The data below should be repeated exactly and in full.

─── RAW DATA ───

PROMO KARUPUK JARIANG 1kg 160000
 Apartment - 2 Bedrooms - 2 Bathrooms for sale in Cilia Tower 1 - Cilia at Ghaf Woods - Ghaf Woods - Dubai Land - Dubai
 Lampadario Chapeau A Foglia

───

◆ EXERCISE RESPONSE ◆
PROMO KARUPUK JARIANG 1kg 160000
 Apartment - 2 Bedrooms - 2 Bathrooms for sale in Cilia Tower 1 - Cilia at Ghaf Woods - Ghaf Woods - Dubai Land - Dubai
 Lampadario Chapeau A Foglia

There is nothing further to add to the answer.